Turns out you can use CorelDraw to reverse engineer the parts to a conic section model. Read all about it in the November 2021 MAA Math Horizons page called Do The Math (p. 29).
Editor Tom Edgar was fun to work with, and made the graphic images.
Note: if you are “making” this model from scratch, once you find the long and short axes of the ellipse, you could use the “trammel method” to find all its points. Here’s a youtube on that by TechSquare
The files are here, please help yourself. We cut ours out of 1/8″ wood so the slots are that size – you may need to adjust.
If you want a wooden model like this one we can send you one for free. Please fill out this form and we will get back to you. (note: EU countries are adding a 20 Euro tax on even one model so we cannot ship at this time- except in Spain where we have a partner. Until we can add others, outside Spain please download files to make locally.)
If you are a district leader, or conference organizer in the US or Canada, who could distribute a dozen or more to teachers, library, etc, please request a bulk shipment using this form.
8.5×11 Printable PDF of original design (glue to cardstock instead of wood and cut out)
The exterior of the cone for the original design is a semi circle. You can make two quarter circles on 8.5×11 inch paper with radius equal to the side length of the triangle, tape them together and have a cone that fits.
Files for 3d Printing Here
(Boardmember Alex’s friend Colin made these files and we printed them on Craftcloud-picture at bottom of post)
To make from “scratch”:
Start with an isosceles triangle and then draw lines – across for circle, parallel to a side for the midline of the parabola, across at angle for ellipse and vertical (or not parallel to a side) for the hyperbola.
Next use those lines to find the dimensions of the conic section pieces – diameter of the circle, the long and short axis for ellipse (use the chord at the base located a distance equal to the distance of the center of the ellipse to the midline of the triangle, parabola height (length of line) and width which is the chord where it intersects the base circle, and similarly for the hyperbola.)
Using this sequence we made a pointier version as well in PDF 8.5 x 11
The “wrap” for the pointy version is made from a portion of the circle with radius equal to the side length of the triangle. What part or fraction of that circle? Only as much as can contact with the bottom of the cone.
You can also slice Playdoh or clay to get a great conic section model. Sometimes those get squishy, but you can repeat and experiment with different cones.

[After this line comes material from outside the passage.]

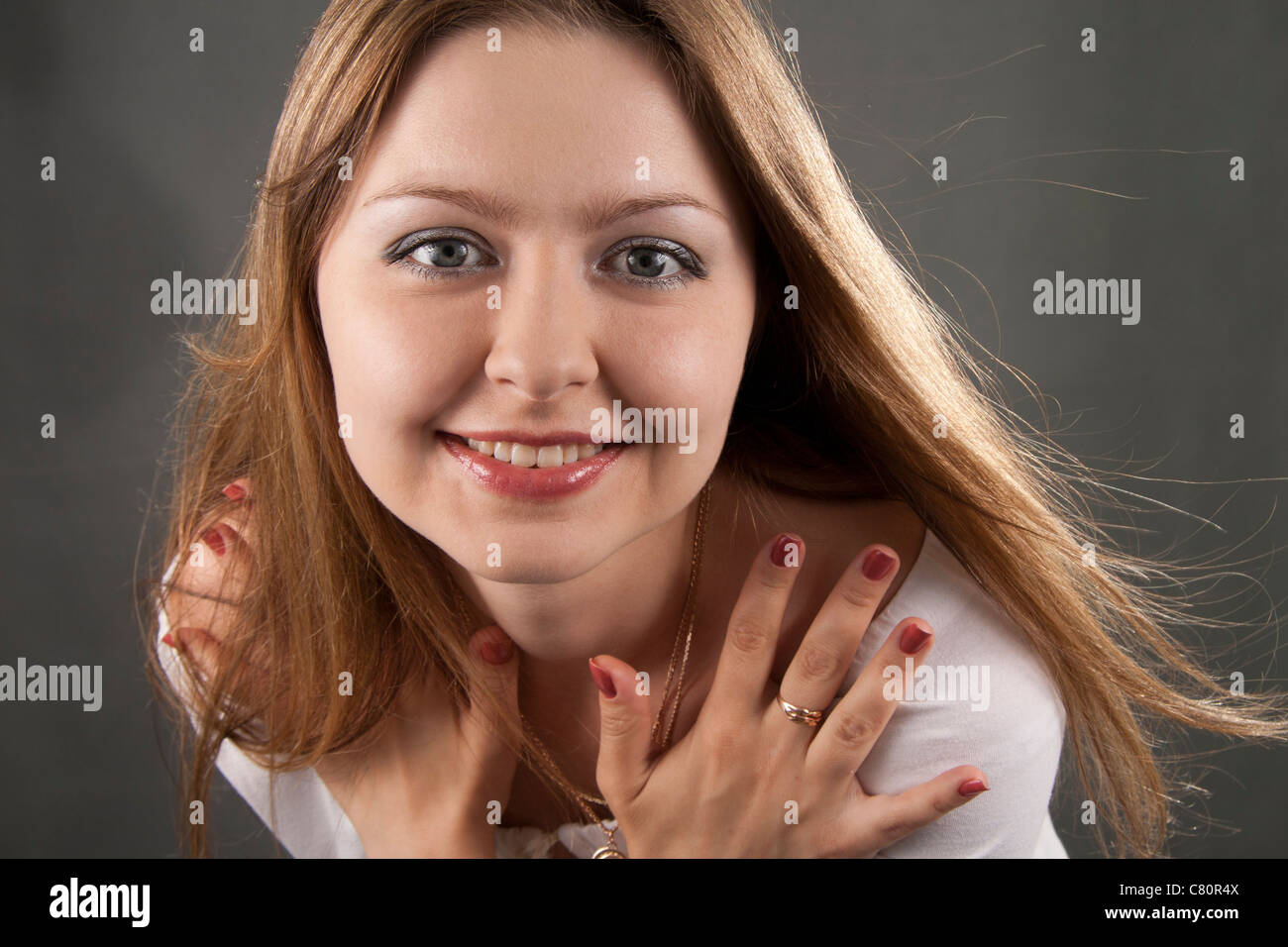 Beautiful woman smiles on a grey background Stock Photo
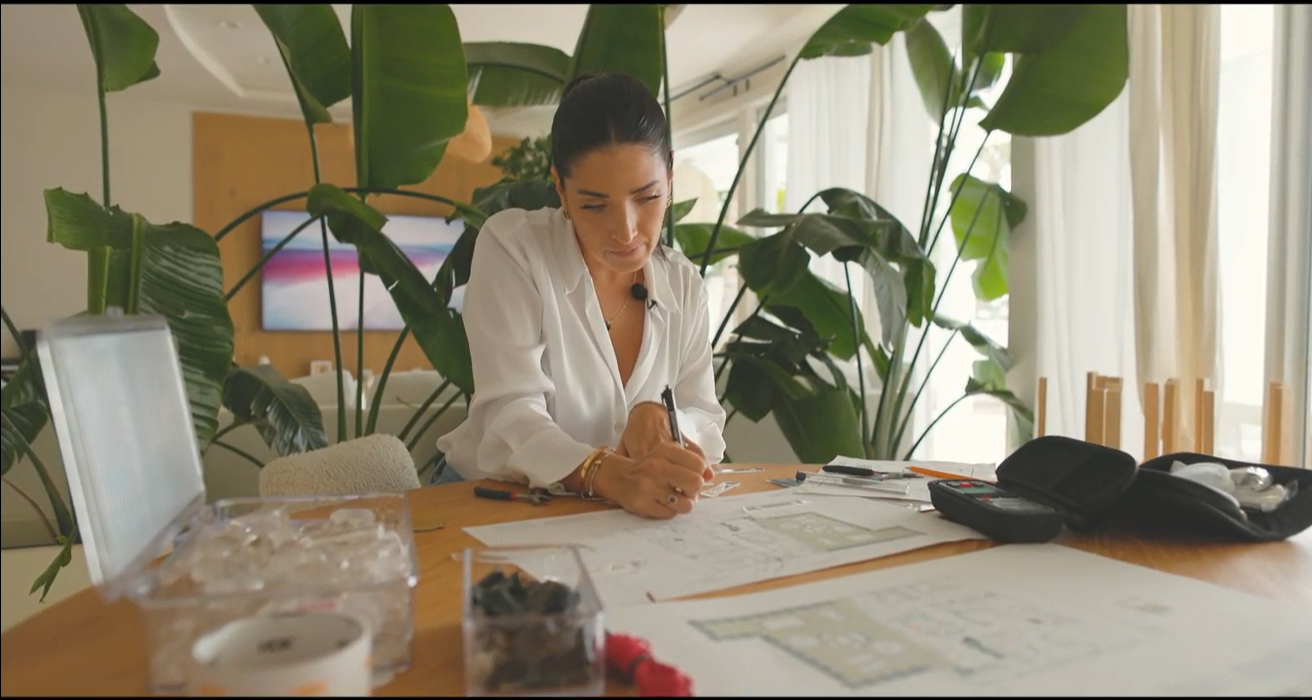 Esteffany evaluating stone samples using a pendulum inside a materials showroom.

See a video made by Paola Garcia explaining further here:
I made a few extras!
Here’s a Cricut and a foam version posted to twitter by Mark Kaerscher
And a 3d Printed model by MathHappens board member Alex Siegel:
Folks are making their own versions with all kinds of materials and adding the shell is a great idea!
7/11/22 In Spain mathematics professors are making their own with scroll saw and dremel:
This is one of the prettiest conic section model photos I’ve seen.
Our partnership with MMACA has been so productive! This posting on facebook is a great picture of the MMACA version and another way to see how far these are spreading.
Here’s another great photo:
Love to see our model on the table at a conference to help and inspire teacher leaders in San Diego.
Almost one year later on Nov 6, 2022, appreciation for this model is still spreading. This is the version we co-sponsored with MMACA. Museum of Math in Spain.